I doubt I’ve ever mentioned it, but I’ve always been a sardine lover. Quit buying them when the price went high back there sometime and partly justified quitting because it drove the cats nuts when I opened a can. Had to sneak around or I’d end up having to share.
So recently I was in the Dollar Tree store and noticed they had a lot of cans of sardines stacked on the shelves at a buck per can. Big cans of a sort I haven’t seen in a number of decades, takes a can opener to get in there.
As you know, I a suspicious person, so I carefully got out my pocket magnifier and examined the label. Well! I’ll be damned! Chinese! Chin-freaking-ese sardines!
Well, heck. What can sardine packing plants do wrong with sardines, thinks I. You pack them in brine, or oil, or mustard sauce, or tomato sauce, put a lid and label on, and nobody’s going to know they aren’t Scandahoovian sardines.
Bought 20 cans of them, by golly, a lot just packed in brine because I thought I might use a few coaxing Tabby out of being anti-social.
Well, friends and neighbors, it’s entirely possible to screw up sardines. I’m not sure how they did it, but they just don’t taste right. And while the cats love the ones packed in oil or brine, they ain’t touching the ones packed in mustard nor those in tomato sauce.
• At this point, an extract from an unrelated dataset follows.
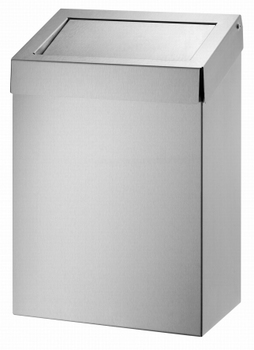 Dutch Bins Afvalbak 20 liter in geborsteld RVS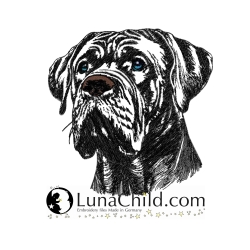 NEU Stickdatei Carne Corso Silly Hund Lunachild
I’m going to have to gut it out and eat those anyway.
How in the world can an ethnic group invent gunpowder and be the first to invent carbon steel, and not be able to can sardines worth eating?
[Hmmm. To be fair, it’s generally believed the steel thing was an accident. Slave either fell, or was thrown into a vat of molten iron and someone noted the quality of the product improved. So a lot of slaves made their way into a lot of vats of molten iron before it was discovered there were other ways of getting the job done.]
But even so, sardines can’t be that tough. The Scandahoovians don’t even have slaves, haven’t had them since, since, since, sometime back there before canning was invented.
Old Jules
Afterthought: When you think about it, Chinese steel’s nothing to brag about these days, either. Maybe they ought to be tossing all those sardines into vats of molten iron instead of canning them.